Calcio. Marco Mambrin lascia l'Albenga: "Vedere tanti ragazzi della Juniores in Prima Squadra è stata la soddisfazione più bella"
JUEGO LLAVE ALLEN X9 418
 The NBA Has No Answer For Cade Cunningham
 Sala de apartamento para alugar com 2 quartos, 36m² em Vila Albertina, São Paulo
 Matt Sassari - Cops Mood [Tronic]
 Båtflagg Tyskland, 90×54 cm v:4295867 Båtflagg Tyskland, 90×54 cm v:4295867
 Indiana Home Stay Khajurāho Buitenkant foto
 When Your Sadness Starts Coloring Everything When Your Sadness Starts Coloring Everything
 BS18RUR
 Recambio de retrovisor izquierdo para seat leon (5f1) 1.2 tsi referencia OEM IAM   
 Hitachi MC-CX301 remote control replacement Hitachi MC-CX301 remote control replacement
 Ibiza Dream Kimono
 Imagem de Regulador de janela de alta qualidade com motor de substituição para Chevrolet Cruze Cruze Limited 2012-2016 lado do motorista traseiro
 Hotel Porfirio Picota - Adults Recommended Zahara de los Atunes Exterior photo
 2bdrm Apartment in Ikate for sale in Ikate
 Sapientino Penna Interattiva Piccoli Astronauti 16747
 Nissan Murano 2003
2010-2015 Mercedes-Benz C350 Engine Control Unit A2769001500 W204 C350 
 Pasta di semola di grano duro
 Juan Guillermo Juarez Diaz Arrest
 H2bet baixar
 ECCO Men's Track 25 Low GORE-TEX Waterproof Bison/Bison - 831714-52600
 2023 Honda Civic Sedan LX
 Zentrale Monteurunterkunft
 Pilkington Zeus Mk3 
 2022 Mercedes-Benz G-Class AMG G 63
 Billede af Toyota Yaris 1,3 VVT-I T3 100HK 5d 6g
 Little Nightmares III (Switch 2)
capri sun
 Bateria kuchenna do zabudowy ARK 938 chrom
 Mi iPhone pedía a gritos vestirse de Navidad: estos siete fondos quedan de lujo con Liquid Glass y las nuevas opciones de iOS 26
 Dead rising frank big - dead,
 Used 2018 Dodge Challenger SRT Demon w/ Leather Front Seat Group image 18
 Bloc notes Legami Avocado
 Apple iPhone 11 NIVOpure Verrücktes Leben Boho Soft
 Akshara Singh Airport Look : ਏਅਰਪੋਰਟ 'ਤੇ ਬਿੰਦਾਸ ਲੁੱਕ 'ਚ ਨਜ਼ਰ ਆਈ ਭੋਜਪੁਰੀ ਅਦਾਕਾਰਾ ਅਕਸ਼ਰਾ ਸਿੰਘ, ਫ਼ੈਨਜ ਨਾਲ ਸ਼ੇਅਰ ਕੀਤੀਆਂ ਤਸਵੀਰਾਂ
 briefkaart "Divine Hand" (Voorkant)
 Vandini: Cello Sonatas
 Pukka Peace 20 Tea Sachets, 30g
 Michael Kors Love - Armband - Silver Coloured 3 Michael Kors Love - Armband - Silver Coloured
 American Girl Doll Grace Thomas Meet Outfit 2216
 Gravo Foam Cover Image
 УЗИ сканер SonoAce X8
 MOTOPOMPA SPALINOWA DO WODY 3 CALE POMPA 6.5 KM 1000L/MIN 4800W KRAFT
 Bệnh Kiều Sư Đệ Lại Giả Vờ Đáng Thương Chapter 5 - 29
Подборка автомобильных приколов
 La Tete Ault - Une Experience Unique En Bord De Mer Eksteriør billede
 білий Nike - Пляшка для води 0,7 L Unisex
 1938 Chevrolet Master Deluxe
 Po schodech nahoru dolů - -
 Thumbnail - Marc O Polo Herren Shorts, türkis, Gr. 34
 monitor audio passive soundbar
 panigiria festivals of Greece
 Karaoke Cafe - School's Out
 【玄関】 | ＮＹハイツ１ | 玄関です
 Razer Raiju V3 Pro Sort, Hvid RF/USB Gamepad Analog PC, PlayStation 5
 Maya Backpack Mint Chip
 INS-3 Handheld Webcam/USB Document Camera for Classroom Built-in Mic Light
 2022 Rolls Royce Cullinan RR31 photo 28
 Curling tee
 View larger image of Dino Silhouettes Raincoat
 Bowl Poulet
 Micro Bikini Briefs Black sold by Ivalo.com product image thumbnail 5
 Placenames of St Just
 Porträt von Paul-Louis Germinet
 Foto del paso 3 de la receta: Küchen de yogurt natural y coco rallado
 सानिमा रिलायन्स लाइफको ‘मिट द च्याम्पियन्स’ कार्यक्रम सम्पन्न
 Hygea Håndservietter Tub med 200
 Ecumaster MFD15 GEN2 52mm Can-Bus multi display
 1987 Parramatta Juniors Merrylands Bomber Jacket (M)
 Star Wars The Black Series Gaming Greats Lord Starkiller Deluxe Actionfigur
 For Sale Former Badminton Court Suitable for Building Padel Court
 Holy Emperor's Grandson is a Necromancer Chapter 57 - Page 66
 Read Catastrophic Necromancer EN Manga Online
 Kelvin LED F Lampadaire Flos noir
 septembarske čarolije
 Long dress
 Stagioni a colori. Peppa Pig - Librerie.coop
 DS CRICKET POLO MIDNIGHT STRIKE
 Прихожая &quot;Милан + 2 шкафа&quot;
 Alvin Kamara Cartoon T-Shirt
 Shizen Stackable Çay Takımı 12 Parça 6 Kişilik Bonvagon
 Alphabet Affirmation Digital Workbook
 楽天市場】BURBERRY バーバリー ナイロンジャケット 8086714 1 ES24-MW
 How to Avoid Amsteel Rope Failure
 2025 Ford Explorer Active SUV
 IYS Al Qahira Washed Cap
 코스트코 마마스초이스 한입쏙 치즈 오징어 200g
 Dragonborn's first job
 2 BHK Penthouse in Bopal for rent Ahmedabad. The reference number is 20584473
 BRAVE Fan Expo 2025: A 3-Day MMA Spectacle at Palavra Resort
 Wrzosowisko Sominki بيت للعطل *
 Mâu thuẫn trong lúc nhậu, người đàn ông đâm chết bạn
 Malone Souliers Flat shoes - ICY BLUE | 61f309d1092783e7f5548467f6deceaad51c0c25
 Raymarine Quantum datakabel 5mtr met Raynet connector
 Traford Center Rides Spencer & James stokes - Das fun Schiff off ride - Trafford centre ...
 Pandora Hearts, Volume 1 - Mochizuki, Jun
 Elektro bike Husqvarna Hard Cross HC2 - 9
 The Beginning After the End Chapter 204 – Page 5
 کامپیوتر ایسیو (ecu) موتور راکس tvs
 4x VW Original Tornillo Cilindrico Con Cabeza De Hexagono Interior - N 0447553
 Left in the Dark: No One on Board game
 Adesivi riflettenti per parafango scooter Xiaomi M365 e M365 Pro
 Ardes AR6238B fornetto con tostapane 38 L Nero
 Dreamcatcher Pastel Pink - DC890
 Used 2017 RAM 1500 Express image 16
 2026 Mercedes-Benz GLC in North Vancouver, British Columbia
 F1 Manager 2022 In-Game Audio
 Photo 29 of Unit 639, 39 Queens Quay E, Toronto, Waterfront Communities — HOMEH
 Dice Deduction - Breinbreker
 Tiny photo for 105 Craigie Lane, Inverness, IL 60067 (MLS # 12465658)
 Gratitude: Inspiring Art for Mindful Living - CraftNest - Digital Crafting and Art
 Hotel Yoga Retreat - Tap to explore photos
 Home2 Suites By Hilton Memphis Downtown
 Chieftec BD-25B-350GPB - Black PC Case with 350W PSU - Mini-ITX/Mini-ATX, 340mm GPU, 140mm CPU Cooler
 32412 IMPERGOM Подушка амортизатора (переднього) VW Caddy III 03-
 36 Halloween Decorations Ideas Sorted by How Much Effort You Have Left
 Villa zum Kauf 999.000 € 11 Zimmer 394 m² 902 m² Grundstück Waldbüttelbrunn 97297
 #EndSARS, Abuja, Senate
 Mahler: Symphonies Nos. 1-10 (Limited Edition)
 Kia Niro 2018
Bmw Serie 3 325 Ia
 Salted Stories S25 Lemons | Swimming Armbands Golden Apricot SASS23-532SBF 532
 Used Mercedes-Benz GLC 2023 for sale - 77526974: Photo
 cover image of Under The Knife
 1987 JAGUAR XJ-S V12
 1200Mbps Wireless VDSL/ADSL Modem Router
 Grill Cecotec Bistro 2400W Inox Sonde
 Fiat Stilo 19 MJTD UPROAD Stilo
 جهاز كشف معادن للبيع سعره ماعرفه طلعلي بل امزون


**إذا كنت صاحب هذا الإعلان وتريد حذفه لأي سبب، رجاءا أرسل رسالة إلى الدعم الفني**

------------

Exercise aim | Each line of the entries where the string "Page" occurs should be shown.

Solution for this problem |
 Holy Emperor's Grandson is a Necromancer Chapter 57 - Page 66
 The Beginning After the End Chapter 204 – Page 5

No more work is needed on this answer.